RFC: pack()ing long words
pack() and unpack() can handle words of 1, 2, 4, and (if you built your
perl right) 8 bytes. And I use the same magic characters (although
without using pack and unpack) in Data::Hexdumper.

However, I want to extend it to support 16 byte words and, indeed, to
support any other length words. 3 byte words, for example.

I'd like to remain as compatible as possible with the characters used in
pack()'s templates, but there's nothing there for what I want.

So, can I propose that we pick a character for this purpose and at least
define some syntax for specifying a word length, endian-ness, and repeat
count for it, even if it isn't implemented yet?
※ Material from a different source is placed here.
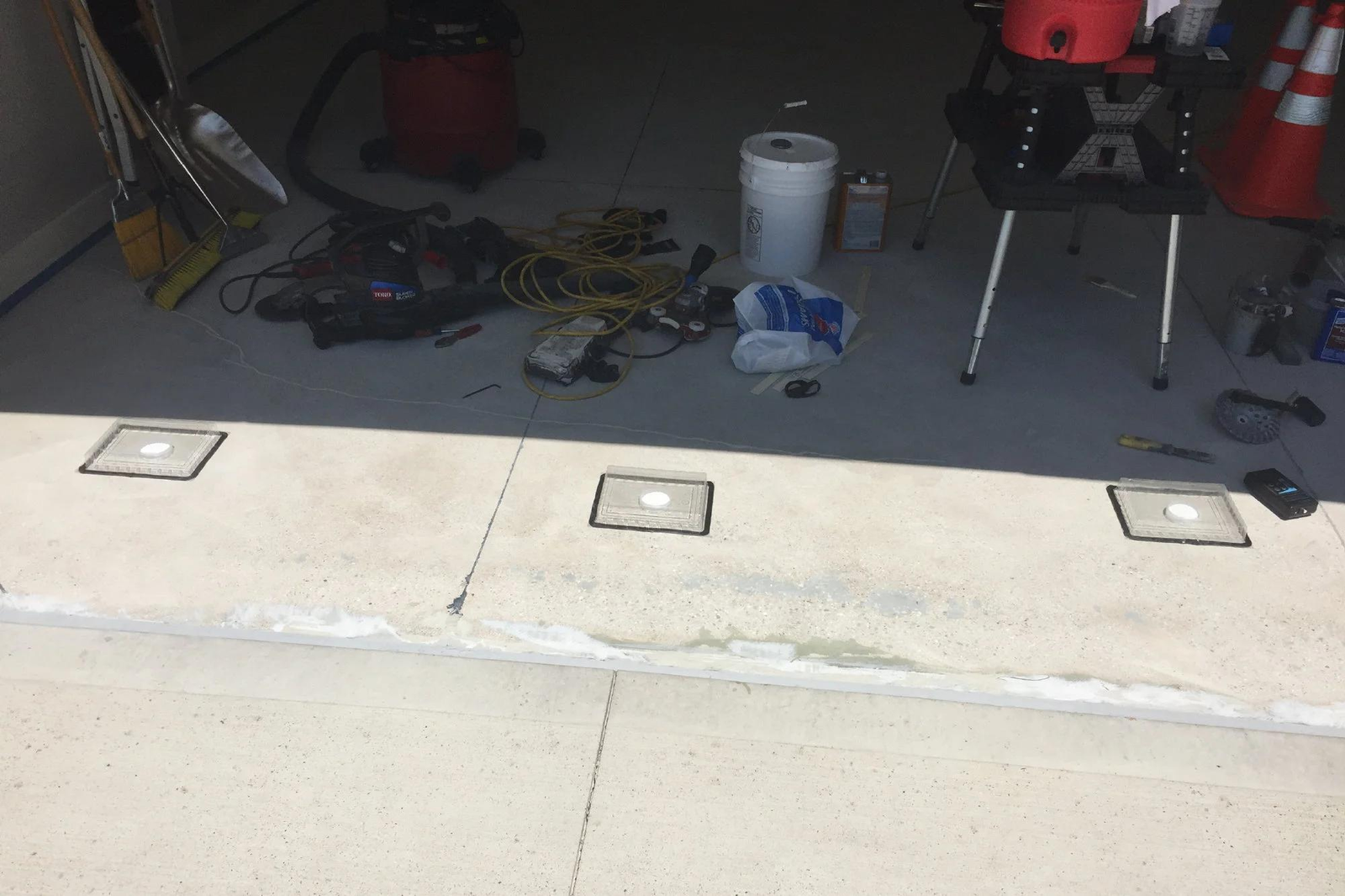 Homeowner speaking with a professional contractor about polyurea garage floor coating, surface preparation, moisture testing, and installation details inside a residential garage.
Something like this perhaps:
X5,4>

which means:
X - whatever letter we choose
5 - word length
,4 - optional repeat count
> - optional endian-ness

--
David Cantrell | Enforcer, South London Linguistic Massive

Fashion label: n: a liferaft for personalities
which lack intrinsic buoyancy
Re: RFC: pack()ing long words [ In reply to ]
On Mon, Aug 13, 2012 at 2:41 PM, David Cantrell <david@cantrell.org.uk> wrote:
> pack() and unpack() can handle words of 1, 2, 4, and (if you built your
> perl right) 8 bytes. And I use the same magic characters (although
> without using pack and unpack) in Data::Hexdumper.
>
> However, I want to extend it to support 16 byte words and, indeed, to
> support any other length words. 3 byte words, for example.

That sounds like an excellent idea.

> I'd like to remain as compatible as possible with the characters used in
> pack()'s templates, but there's nothing there for what I want.
>
> So, can I propose that we pick a character for this purpose and at least
> define some syntax for specifying a word length, endian-ness, and repeat
> count for it, even if it isn't implemented yet?
>
> Something like this perhaps:
> X5,4>
>
> which means:
> X - whatever letter we choose
> 5 - word length
> ,4 - optional repeat count
> > - optional endian-ness

I don't like the syntax much, but I'm not sure I can think of
something better. Maybe «X{5}4»?

Leon
Re: RFC: pack()ing long words [ In reply to ]
On Mon, 13 Aug 2012 12:41:02 +0100, David Cantrell
<david@cantrell.org.uk> wrote:

> pack() and unpack() can handle words of 1, 2, 4, and (if you built your
> perl right) 8 bytes. And I use the same magic characters (although
> without using pack and unpack) in Data::Hexdumper.
>
> However, I want to extend it to support 16 byte words and, indeed, to
> support any other length words. 3 byte words, for example.
>
> I'd like to remain as compatible as possible with the characters used in
> pack()'s templates, but there's nothing there for what I want.
>
> So, can I propose that we pick a character for this purpose and at least
> define some syntax for specifying a word length, endian-ness, and repeat
> count for it, even if it isn't implemented yet?
>
> Something like this perhaps:
> X5,4>
>
> which means:
> X - whatever letter we choose
> 5 - word length
> ,4 - optional repeat count
> > - optional endian-ness

Counterintuitive in that order

l4 is 4 longs, so if the 4 in your example matches the 4 in l4, I'd
guess that

X5>4

would be more intuitive

I kinda like your approach though. What about bits? Why restrict to
multiple of 8 bits?

--
H.Merijn Brand http://tux.nl Perl Monger http://amsterdam.pm.org/
using perl5.00307 .. 5.14 porting perl5 on HP-UX, AIX, and openSUSE
http://mirrors.develooper.com/hpux/ http://www.test-smoke.org/
http://qa.perl.org http://www.goldmark.org/jeff/stupid-disclaimers/
Re: RFC: pack()ing long words [ In reply to ]
On Mon, Aug 13, 2012 at 01:51:03PM +0200, H.Merijn Brand wrote:

> Counterintuitive in that order
>
> l4 is 4 longs, so if the 4 in your example matches the 4 in l4, I'd
> guess that
>
> X5>4
>
> would be more intuitive

But then you have a problem if someone wants native endian-ness - you
can't tell whether X54 is a single word of 54 bytes, or four words of
five bytes each.

Leon's suggestion of putting the word length in {curlies} works nicely.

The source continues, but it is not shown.